Sunday, June 5, 2016

The Wonder Trail

Title:  The Wonder Trail: True Stories from Los Angeles to the End of the World
Author:  Steve Hely
Publication Information:  Dutton. 2016. 336 pages.
ISBN:  0525955011 / 978-0525955016

Book Source:  I received this book through the Penguin First to Read program free of cost in exchange for an honest review.

Opening Sentence:  "There were stories like this way before there were books."

Favorite Quote:  "There's no need to make up experiences. Why do that extra work of imagining? If you just go out into the world far enough, you'll find plenty that's crazy and worth putting down."

"Part travel book, part pop history, part comic memoir..." So reads the marketing material for this book. For me unfortunately, it fails to deliver in any of these directions.

Let's take travel. This book documents a journey the author took from "Los Angeles to the end of the world." The end of the world, in this case, is the tip of South America. If you follow the geography, this route leads through beautiful landscapes, world-known landmarks, and vibrant cultures. Unfortunately, having read the book, I don't have a sense of any of it - the places or the people. The aspects of the descriptions that stand out are the repeated anecdotes of drinking and girls, two things I really have no need to hear about. I have no sense of the wonder some of these places might inspire; the travel component of the book lacks substance.

Let's take history - even pop history. Periodically, amongst the travel, short chapters pick and describe a point of history. The descriptions do not flow with the story but rather seem dropped in. Also, I don't know how accurate the history even is. Towards the beginning of the book, the author makes a claim, "I won't make anything up, though. Everything I put in this book is true. I saw it or heard it or experienced it myself, or else it's something I learned that I looked into and I believe to be true." Yet, the book contradicts that outright. Not everything is true. For example, the book begins with a quote attributed to Ponce de León, but if you read to the end of the book, the author's note points out the quote is fabricated. It "just seems like a good quote the world could use." What?

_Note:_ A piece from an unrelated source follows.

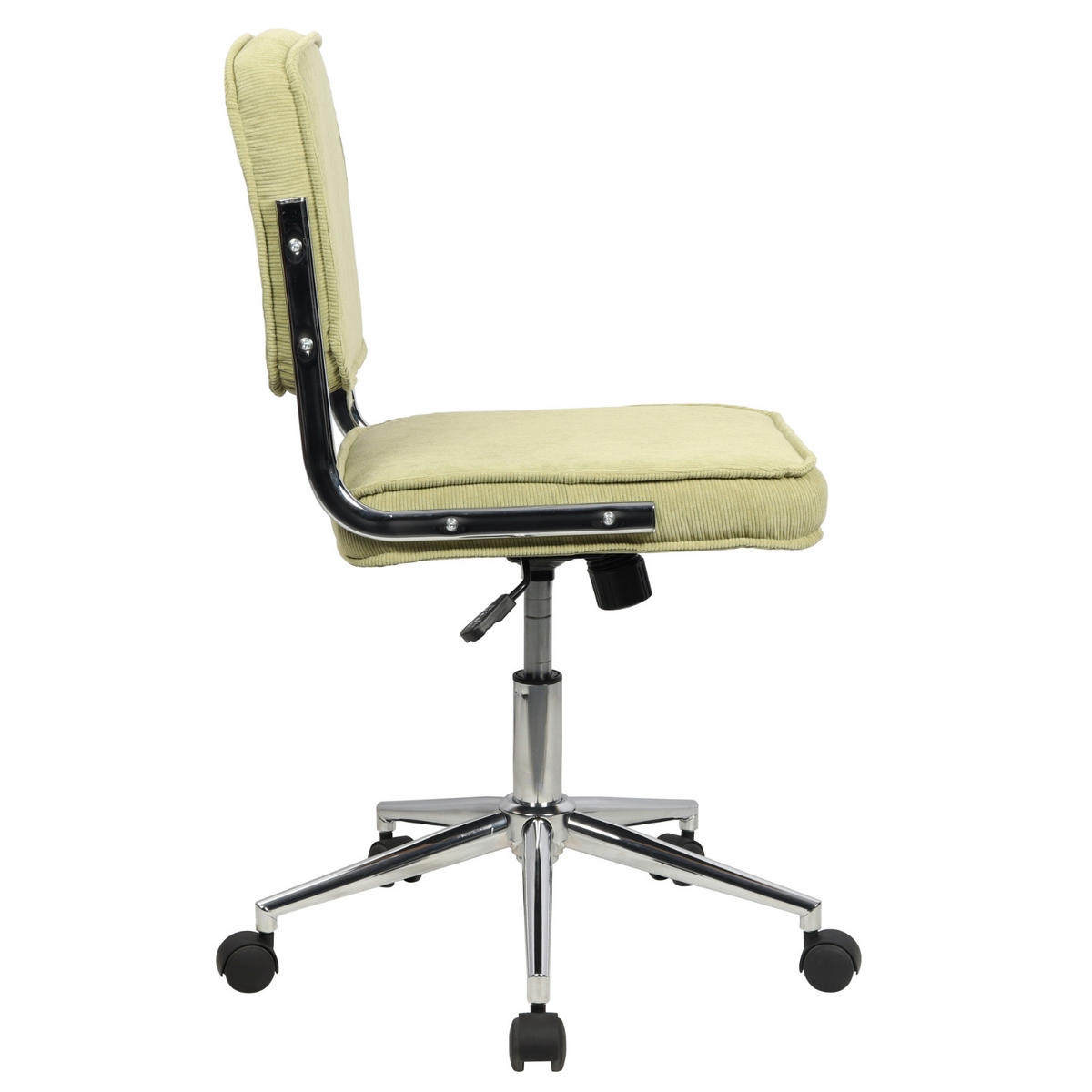 BÜROSTUHL Liv Schreibtischstuhl höhenverstellbar mit Rollen Grün - Grün, Textil (48/94/47cm) - SVITA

Let's take comic. Perhaps I am not the target audience for this type of comedy. The prolific use of curse words is not funny to me. Referring to fellow authors as "an obvious baller of a woman" or "a b***ch" is not funny to me. The other, more nebulous feeling I am left with is in the tone of the book. It seems not to be funny as in fun, but seems to poke sarcastically at pretty much everything in its path - history, landmarks, people, and culture. To me, this is not funny; in fact, it borders on disrespectful.

Let's take memoir. The author begins the book by acknowledging the genre of travel memoirs. "Lately, women have been dominating the filed, perhaps because they've realized the emotional journey is more important than the physical one." This book, however, is not about an emotional journey; it is more an extended vacation. The author had the time, went on this trip, and then went home. As an individual journey, the book does not leave me knowing or understanding the author any better than I did at the beginning, other than the facts that he likes to party and that his lifestyle affords the luxury of a trip such as this one.

Clearly, I am not the right reader for this book. I love the idea of a "wonder trail" but unfortunately, this version is not the armchair trip for me.